Germany has hit a new clean energy milestone: So far this year, the country has gotten more electricity from renewables than from any other single source, 27.7 percent. That (just barely) beats the 26.3 percent of power generated by lignite coal, according to Agora research organization.
“This is a real success and watershed moment,” said Famke Krumbmuller, an analyst at Eurasia Group.
Wind accounted for 9.5 percent of the power fed into the country’s grid in the first nine months of 2014, biomass for 8.1, solar for 6.8 percent, and hydropower for less than 4 percent.
Last year, Germany got 24.1 percent of its electricity from renewables, so it’s up more than 3 percent. German Chancellor Angela Merkel’s government is aiming to get as much as 60 percent of the nation’s electricity from clean sources by 2035, even while phasing out nuclear power by 2022. (If you’re still looking for a star quarterback for your climate hawk fantasy league, Merkel is looking like she might be ace at pummeling her way to a climate goal.)

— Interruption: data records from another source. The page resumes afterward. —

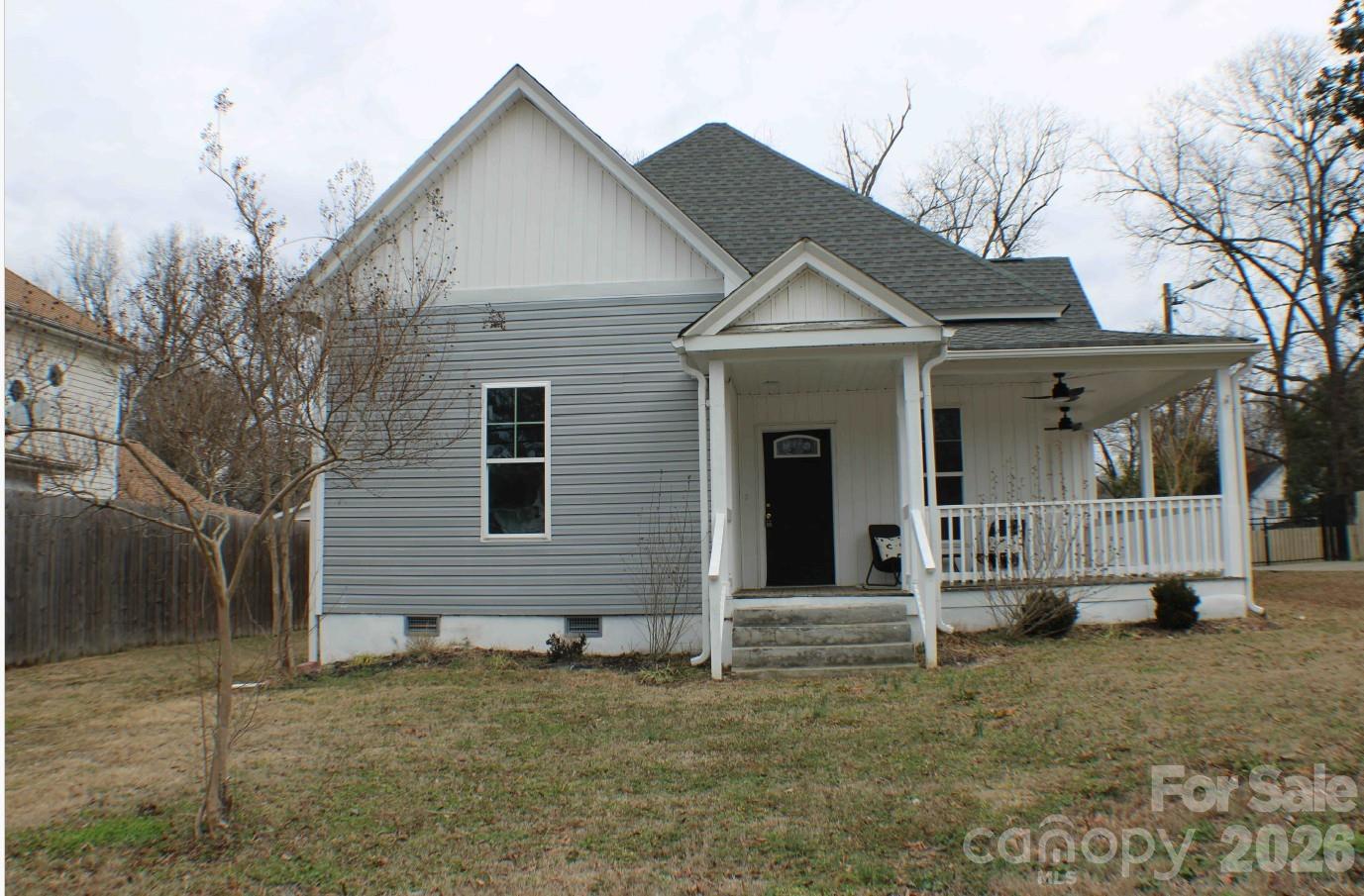 a view of a brick house with a yard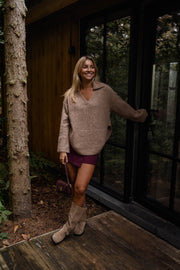Pull doux col V loose beige porté par une femme, vue de face, véranda, jupe bordeaux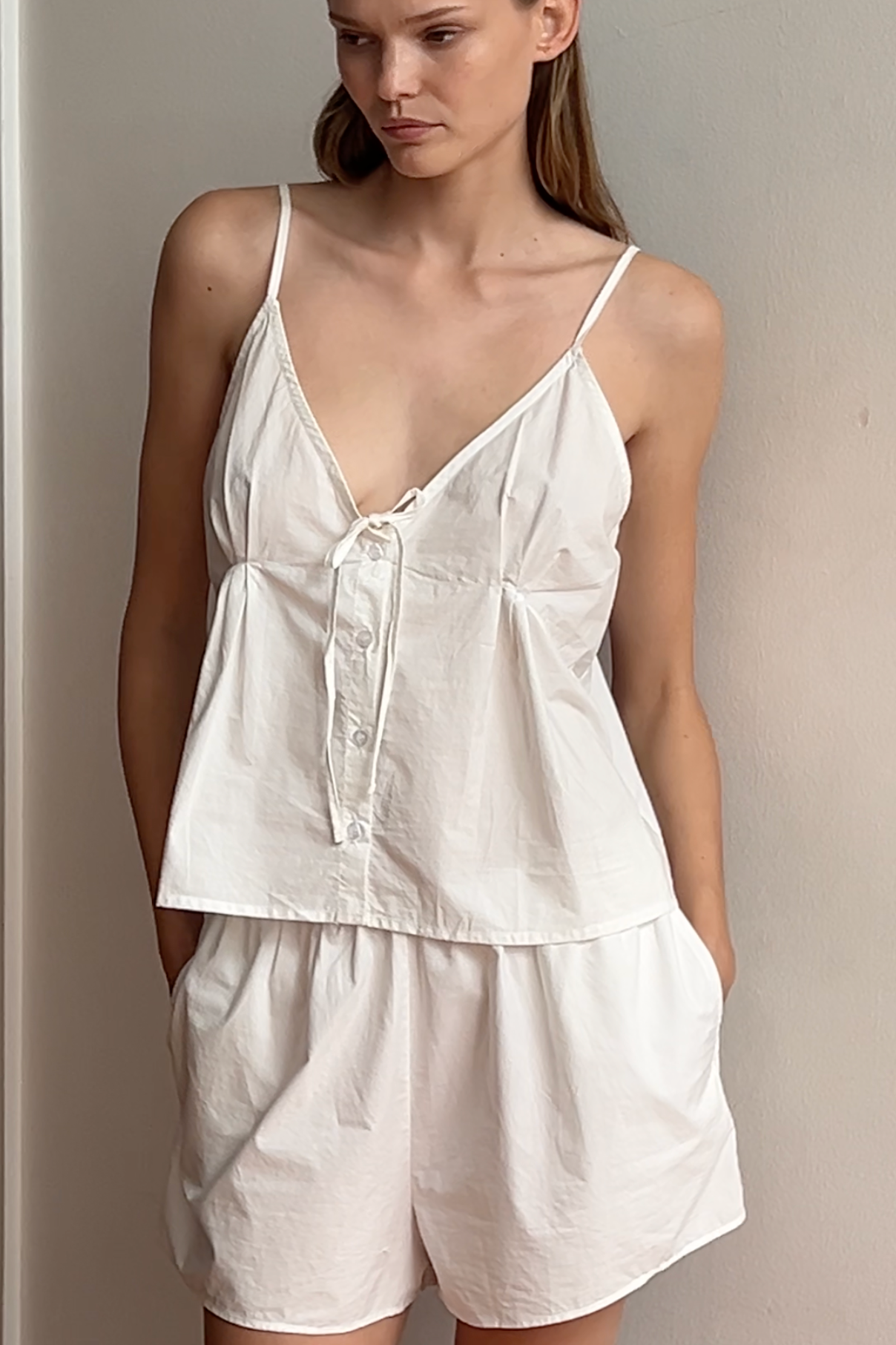 A woman stands indoors wearing the Placket Short Set - White with a loose, sleeveless fit in organic cotton. Her hands are in her pockets as she gazes slightly to the side.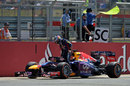 Sebastian Vettel climbs out of his Red Bull after retiring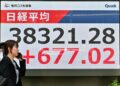 Seorang pejalan kaki berjalan melepasi papan elektronik yang menunjukkan harga saham semasa dagangan pagi di Bursa Saham Tokyo pada Selasa 13 Mei. - AFP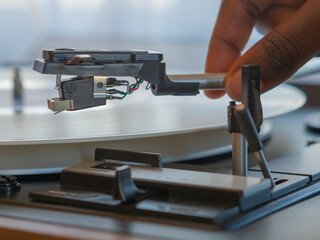 Fototapeta premium Detail of a female hand placing the needle on the track of a white vinyl record. Vintage turntable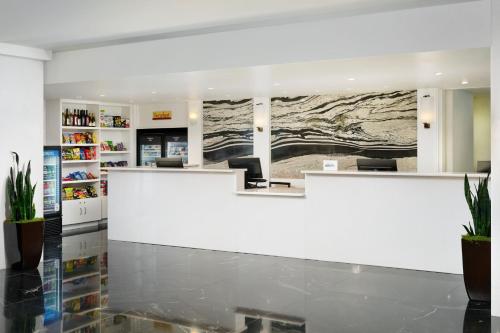 a lobby of a store with a large white counter at Residence Inn by Marriott Philadelphia Center City in Philadelphia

The U.S., by contrast, got just 6 percent of its electricity from wind, solar, biomass, and geothermal last year, and other 7 percent from hydro.
Still, while Germany is kicking our arsches on clean power, energy analyst Anna Czajkowska cautions against reading too much into the new numbers. A mild winter earlier this year led to low power demand and Fower than usual output from dirty power sources.
But we’ll raise our steins to Germany nonetheless. Three cheers!